Multivesicular liposome formulations for the sustained delivery of ropivacaine hydrochloride: Preparation, characterization, and pharmacokinetics

, , , &
Pages 361-366 | Received 31 Oct 2010, Accepted 07 Jan 2011, Published online: 23 Mar 2011

Abstract

The aim of the present study was to design a depot delivery system of ropivacaine hydrochloride using multivesicular liposomes (RP-MVLs) to overcome the limitations of conventional therapies and to investigate it’s in vivo effectiveness for sustained delivery. RP-MVLs were prepared by the multiple emulsion method. Appearance, particle size, encapsulation efficiency, zeta potential, and initial stability of RP-MVL were also studied. The in vitro release of RP-MVLs formulations was found to be in a sustained manner. Three batches of RP-MVLs were prepared and the release profile in vitro fitted to a first-order equation. RP-MVLs releasing mechanism was also studied and it was indicated that the drug released from MVLs by diffusion and erosion.
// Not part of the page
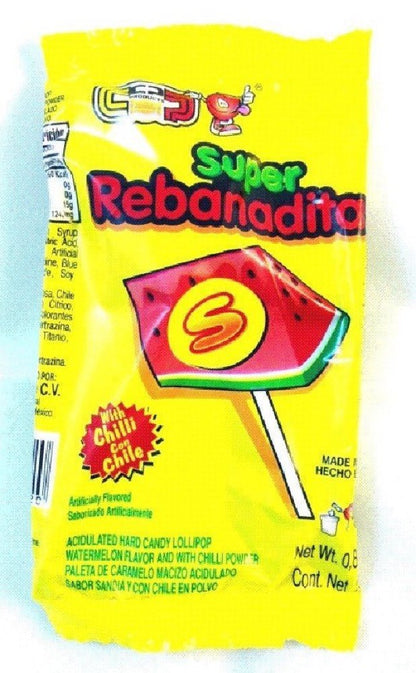 Candy Pop Super Rebanadita Sandia 20-Pieces Pack Mexican candy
Following subcutaneous administration to rats, the time to reach maximum (Tmax) of RP-MVLs formulations was significantly (p < 0.01) later than that of RH solution. The concentrations of RP-MVLs have steadily changed in the low level, which significantly (p < 0.01) lower than RH solution. T1/2 and MRT were significantly prolonged (p < 0.01). Besides, AUC was also increased significantly (p < 0.01). The increase in AUC and decrease in Cmax reflects that the MVL formulations could reduce the toxic complications and limitations of conventional injected formation therapies.

Introduction

Ropivacaine, a new long-acting aminoamide local anesthetic agent, is produced as a pure enantiomer. It is structurally related to bupivacaine with a duration of action almost as long as for bupivacaine. The sensory block provided by ropivacaine is similar to that produced by an equivalent dose of bupivacaine in extradural and peripheral nerve block. The motor block produced by ropivacaine is slower in onset, less intense and shorter in duration than that after an equivalent dose of bupivacaine. Motor block intensifies as the dose of ropivacaine is increased in extradural anaesthesia. This, together with its lower toxicity compared with bupivacaine, enables ropivacaine to be used for surgical anaesthesia in concentrations up to 1%. The profile of block with low doses of ropivacaine in terms of its greater sensory-motor separation and higher clearance than bupivacaine make it suitable for use (CitationMcClure, 1996). Preparations of ropivacaine are all injections (e.g., Naropin®). It is needed to give repeated multiple doses to maintain the efficacy, for the short action time after a single dose. Therefore, there may be clinical demand for a longer duration of surgical analgesia after the administration. The present study was about a sustainable release preparation of ropivacaine.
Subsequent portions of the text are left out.